La razón instrumental se alimenta de la ilusión, del arbitrio y de la impunidad en la sociedad, que nutre a y emane del poder. Así, esas ilusiones se complementan con la ambición del control del poder. Pero el poder no es una materialidad, sino una relación social, que atraviesa a la materialidad del poder, o sea a las instituciones estatales. Debido al extravío por controlar algo intangible, partidos, dirigentes y sus bases sociales de sustentación viven en una realidad ilusoria, que sólo se mantiene en pie, entre otras, gracias precisamente a la doble moral.
Siendo universal su carácter, la doble moral, dijimos, se manifiesta gracias a las circunstancias particulares configuradas en torno al poder. Para esta consideración, no tiene mayor relevancia si se trata de un poder local, nacional o global. En todos los casos, en la relación entre sociedad y poder, el principio es el mismo. Por ello, cuando se modifica la correlación social de fuerzas, la doble moral esconde, en gran medida, la necesidad de la autopreservación en medio del cambio. En ese sentido debe asumírsela, también, como un mecanismo de autojustificación; además, claro de reciclaje para políticos profesionales y/o “periodistas” reproductores del discurso del poder.
Se entiende, en este orden, que tanto la política como las instituciones de la justicia actúen como factores condicionantes para la manifestación de la doble moral, así como para la oportunidad y la manera en que esa manifestación hace su aparición.

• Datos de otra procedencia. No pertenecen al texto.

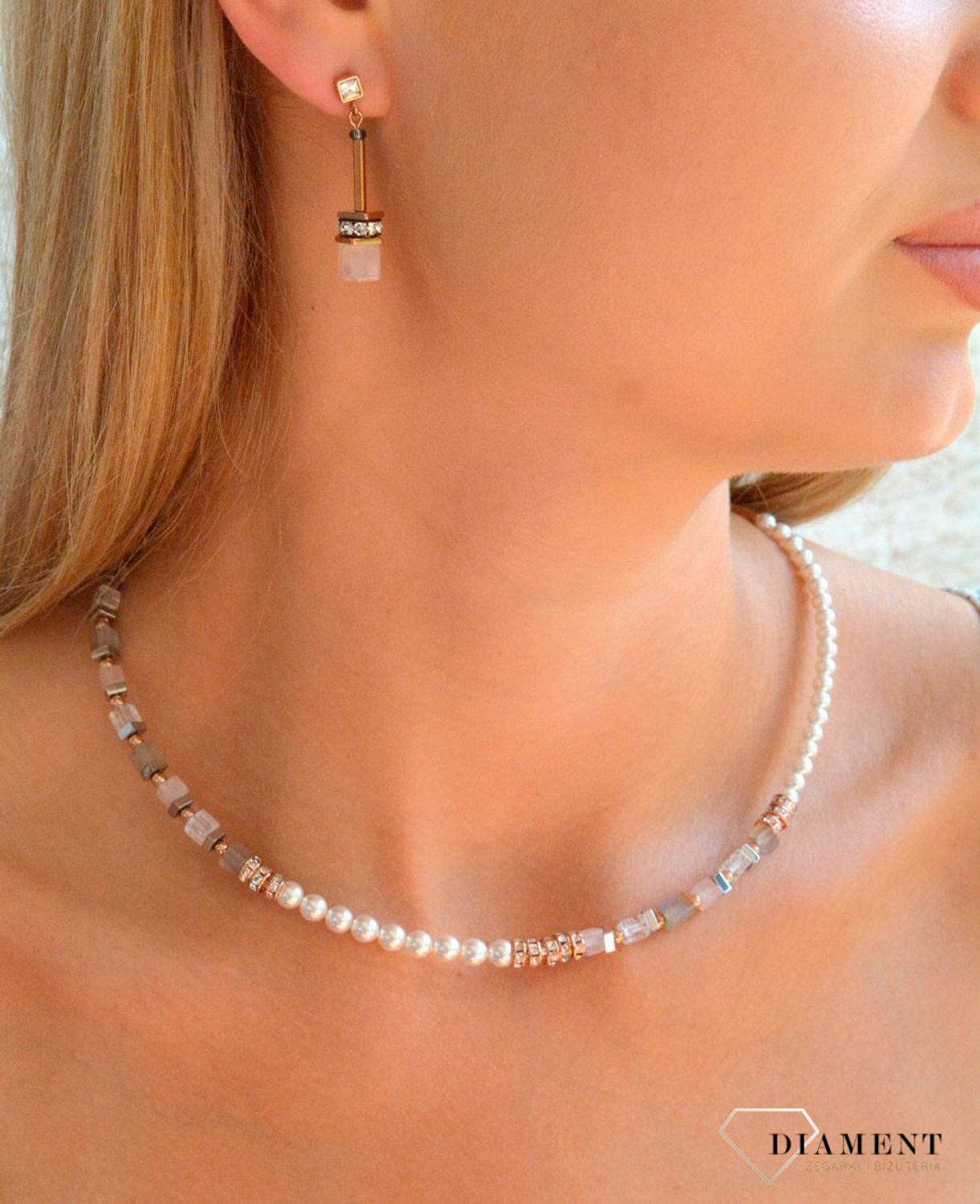 Kolczyki damskie Coeur de Lion GeoCUBE® Iconic Nature Chain 3035211912 (2).jpg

El primero de ellos, al encontrarse directamente ligado a la disputa del poder es evidente, mientras que la evidencia del segundo es más cuestionable. En ello mucho tiene que ver la madurez democrática institucional alcanzada por cada país y la consiguiente efectiva división de poderes.
En conclusión, tenemos, primero que la magnitud del poder (local, nacional o global) es irrelevante al momento de considerar la doble moral de las sociedades, como característica del ser humano. Puede decirse que esa característica le viene de su pertenencia al mundo natural. Segundo, el fenómeno involucra desde dirigentes políticos, militantes, hasta bases sociales de sustentación, aunque con matices distintivas en cada caso.

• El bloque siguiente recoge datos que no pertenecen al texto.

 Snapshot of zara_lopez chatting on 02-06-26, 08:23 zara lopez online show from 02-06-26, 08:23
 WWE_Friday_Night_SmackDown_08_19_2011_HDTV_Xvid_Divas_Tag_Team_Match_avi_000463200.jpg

Cuando el conjunto de estos elementos dibuja una parcialidad considerable en la sociedad, puede hablarse de ésta en tanto tal, como portadora de la doble moral. En este sentido debe considerarse, a la vez, el alcance de la doble moral sobre la política, porque en último término es la sociedad la que determina a ésta, así como al Estado; este impacto se evidencia con mayor facilidad cuando la institucionalidad estatal es débil.
Se trata de una influencia desestructuradora, en primer término, sobre la propia institucionalidad y en segundo término, sobre la convivencia política, regida por normas. La política, entonces, retrocede a sus manifestaciones más rudimentarias, como bien se ejemplifica en Bolivia, a lo largo de estas ya casi dos décadas. En ese lapso, el país ha desinstitucionalizado su aparato estatal; en el plano externo ha puesto a su Estado en situación de descrédito, incapaz de ofrecer garantía alguna a sus pares como para ser incluido en proyectos multinacionales de impacto global. A esta devaluación de la fe del Estado se suma, en el plano interno, la pérdida de credibilidad frente a su propia población.